There has been long- standing interest in applying hypothermia to reduce the tissue damage associated with central nervous system trauma; however, benefit cannot be presumed. In addition to suggested neuroprotective effects, hypothermia is well known for its ability to reduce intracranial pressure. However, hypothermia bears risks, including coagulopathy and immunosuppression, and profound hypothermia bears the additional risk of cardiac dysrhythmia and death.

Hypothermia can be administered either early after injury and prior to intracranial pressure elevation, in which case it is termed “prophylactic,” or as a treatment for refractory intracranial pressure elevation, typically referred to as “therapeutic.” Prophylactic hypothermia has been subject to scrutiny in studies that have reported conflicting results.

Of uncertain relevance to adult traumatic brain injury (TBI), two high-quality pediatric trials failed to show benefit and additionally suggested harm related to prophylactic hypothermia for TBI.
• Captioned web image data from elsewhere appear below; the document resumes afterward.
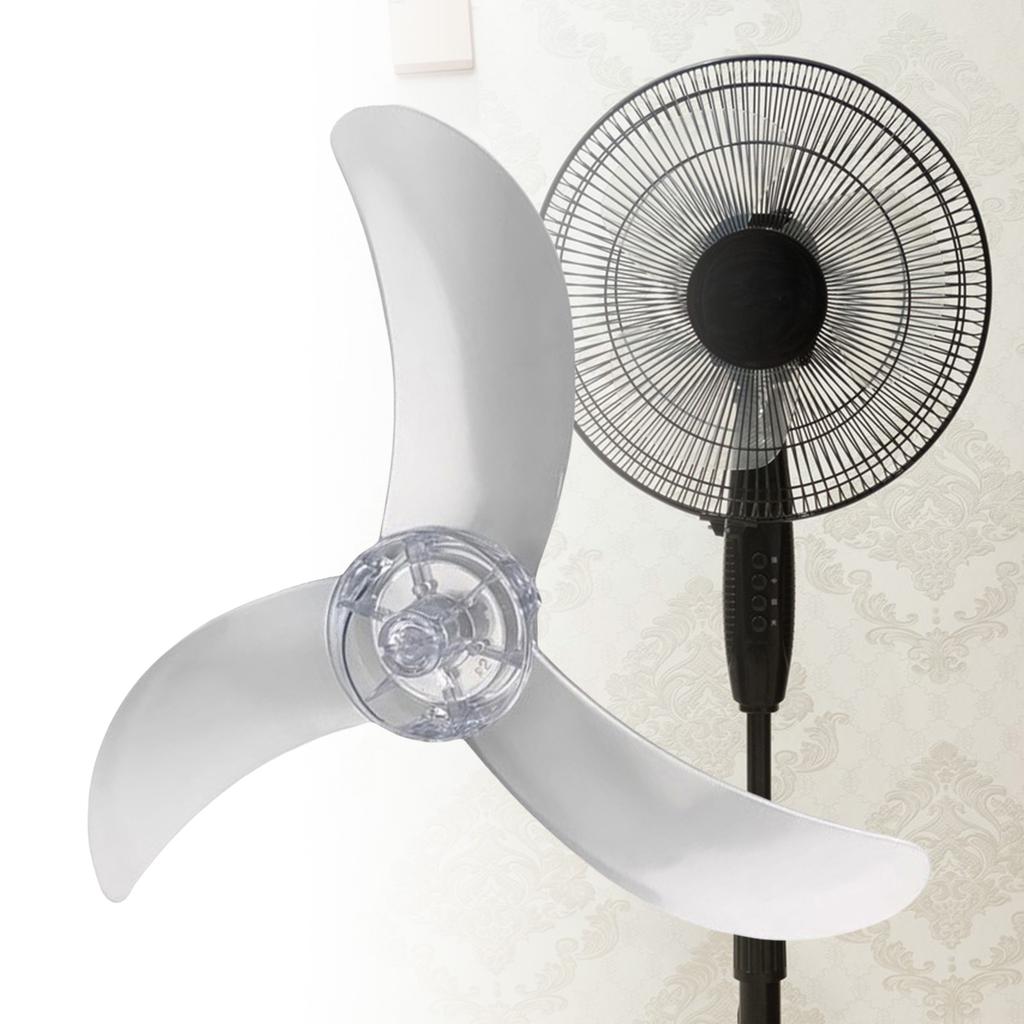 16inch 3 Blades Plastic Fan Blade Electric Fan Accessories Household Standing Pedestal Fan Blade Table Office Spaces
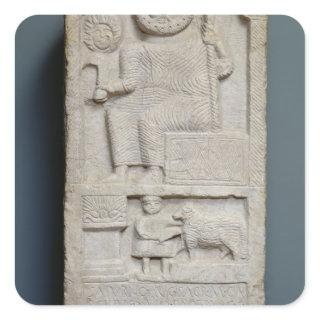Stele dedicated to Saturn, from El-Ayaida Square Sticker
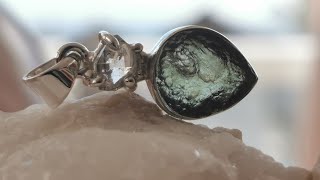 The Power Of Moldavite amp Herkimer Diamond by Crystal Healer Mark Bajerski [upl. by Ahsyak]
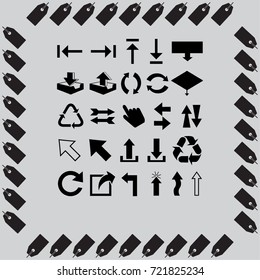 Arrows icons set vector illustration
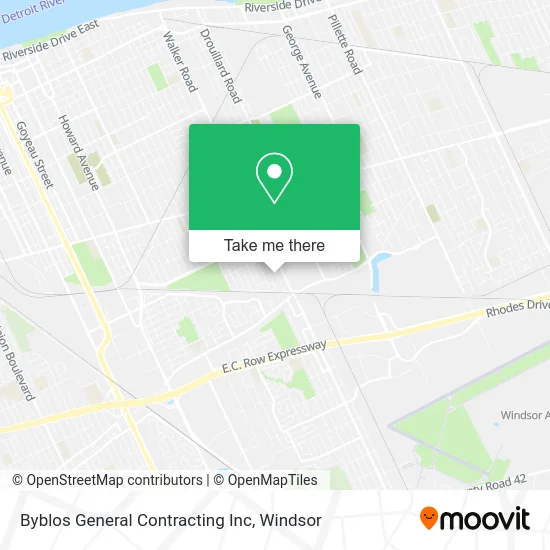 Byblos General Contracting Inc map
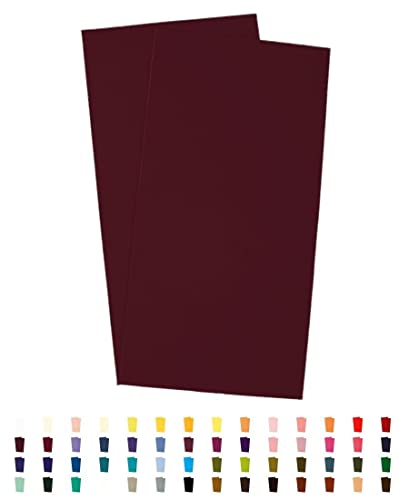 Sandras-Bastelladen 2er Set Kerzen Verzierwachsplatten - 200 x 100 x 0,5mm Weinrot Sandras-Bastelladen 2er Set Kerzen Verzierwachsplatten - 200 x 100 x 0,5mm Weinrot von Sandras-Bastelladen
Interest has thus shifted to exploring how specific aspects of induced hypothermia, such as the duration and depth, relate to clinical effect.

For instance, it is generally suggested that gradual rewarming can mitigate the inherent risk of rebound intracranial pressure elevation6 and there has been interest in localized cerebral cooling in the hopes of obtaining the desired benefits without the systemic side effects.

Existing drugs with cooling effects belong to the following categories: (1) dopamine receptor agonists; (2) cannabis; (3) opioid receptors; (4) vanilloid receptors; (5) vasopressins (potent neurotensin receptor agonists); (6) thyroid drugs; (7) adenosine drugs; and (8) purine drugs
((Ma J, Wang Y, Wang Z, Li H, Wang Z, Chen G. Neuroprotective effects of
drug-induced therapeutic hypothermia in central nervous system diseases. Curr
Drug Targets. 2017 Jun 6. doi: 10.2174/1389450118666170607104251. [Epub ahead of 
print] PubMed PMID: 28595536.
)).

====RECOMMENDATIONS====

Level I and II A
• There was insufficient evidence to support a Level I or II A recommendation for this
topic.

Level II B
• Early (within 2.5 hours), short-term (48 hours post-injury) prophylactic hypothermia is not recommended to improve outcomes in patients with diffuse injury.